Lets consider a couple issues in order to help us appreciate this story. First, this is not a story primarily teaching you and me how to resist temptation. Instead, this is a story of how Christ uniquely resisted the enemy’s temptations in order to defeat Him. Usually when we are tempted it is from our own sinful flesh, but Jesus was tempted from Satan himself. Also, when we are tempted, we are not looking for it; it comes to us. But Christ went into the heart of the wilderness in order to face the enemy on is own turf. Like the first battle in an on going war, Christ went into enemy territory in order to negotiate the terms of the enemy’s defeat and the release of his people.
So what do we see in this story? In Luke’s gospel account, in between Jesus’ baptism and wilderness temptation, is a detailed genealogy connecting Jesus all the way back to Adam – the first man. Now, why is this significant? It is significant because in this story Luke is making a critical connection between Christ and Adam. You see Luke is going to show how Christ resisted all the temptations in the wilderness where Adam failed in the Garden of Eden when he ate the forbidden fruit. Not only did he succeed where Adam failed, but he did it while hungry and alone. This exchange is critical because it makes Christ our new representative. In Adam there is only sin and condemnation, but in Christ there is freedom and victory. Paul said it this way in Romans 5:19 “For as through the one man’s disobedience [Adam] the many were made sinners, even so through the obedience of the One [Jesus] the many will be made righteous.”
Not every temptation is the same to every person. Each one is unique to someone’s personal preference of circumstance – and this story is no exception of that. For instance, the first temptation to turn stones into bread is not a test to be immoral; instead, it is a trick to try and get Jesus to give in to food like Adam did in the Garden. Where Adam became disobedient by taking and eating, Jesus means to be obedient by not taking and not eating.
His second temptation of seeing all the kingdoms of the world is interesting. The enemy knows why Jesus has come; he is going to win back what Adam lost – dominion over creation. The Devil, the god of this world, offers back to Jesus what is rightfully his – if he would simply worship him. This is a temptation to take the easy way out; to walk the journey of least resistance and to avoid the cross. But Jesus didn’t give in.

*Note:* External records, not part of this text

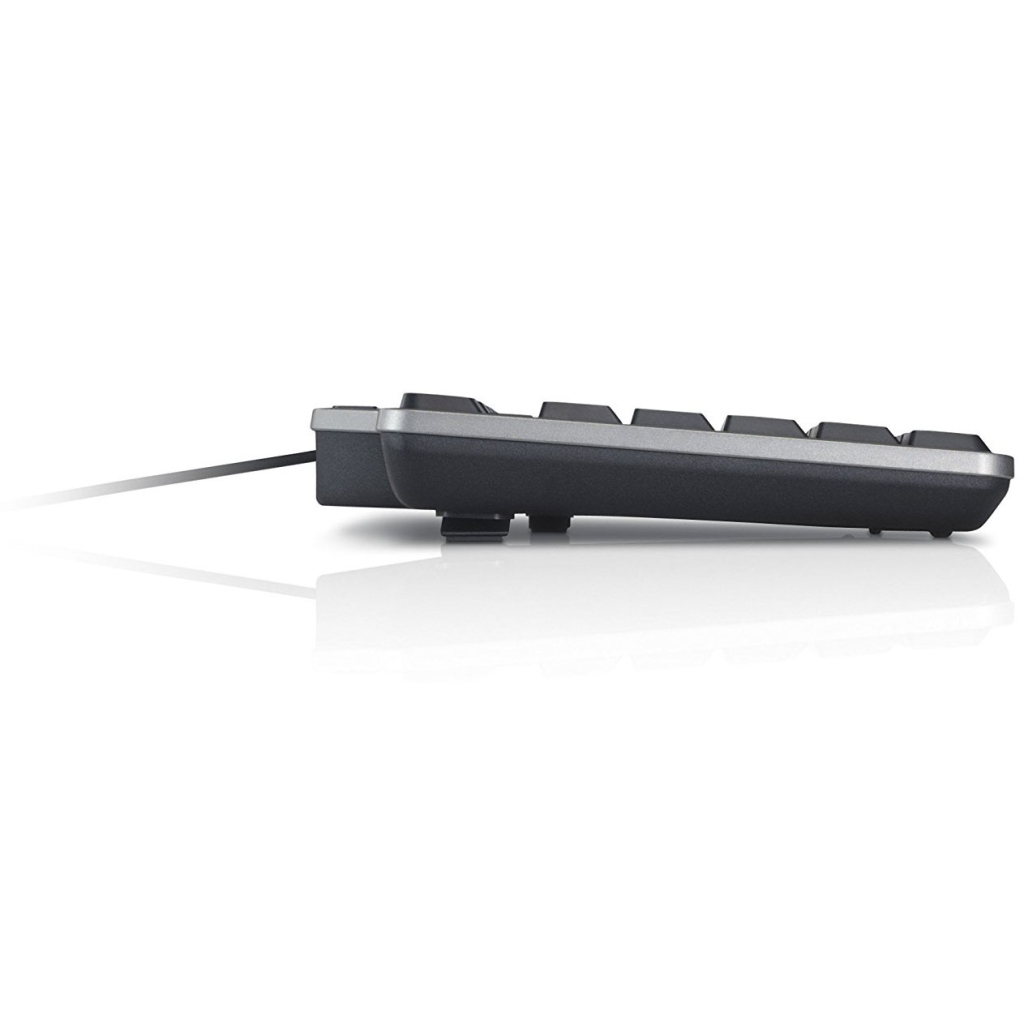Клавіатура Dell KB522 Black (580-17683) - зображення 3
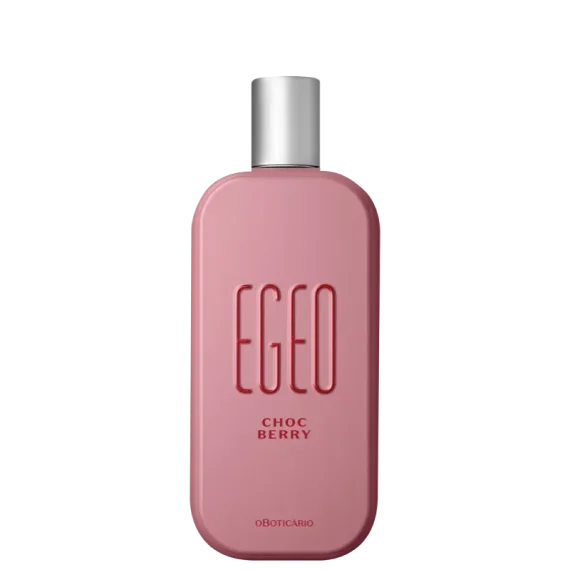 Perfume boticario feminino mais cheiroso 12 Egeo Choc Berry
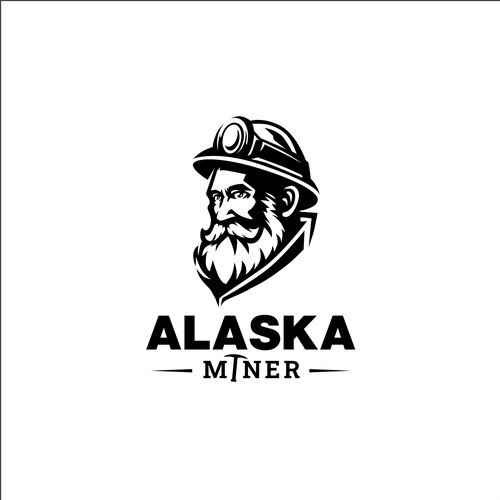 Design di Alaska Miner di Gunsganesh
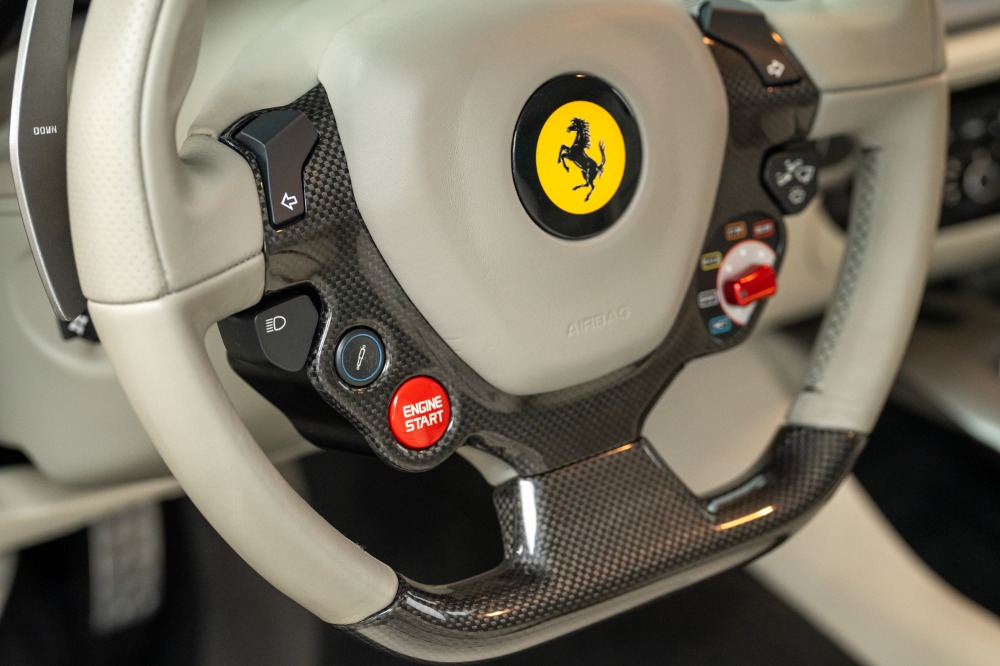 Used 2014 Ferrari F12berlinetta Used 2014 Ferrari F12berlinetta for sale Sold at Cauley Ferrari in West Bloomfield MI 32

The third temptation to throw himself from the temple is also peculiar. But just like in the Garden of Eden, Satan is distorting the word of God in order to get Jesus to give in. But Jesus calls his bluff and corrects his misquoting of scripture. Where Adam (Israel and every other human after him) had failed and fallen, Jesus obeyed God’s word perfectly and effectively resisted temptation. It is because of Jesus’ unique resistance to these powerful temptations that makes him our unique hero and our only Savior.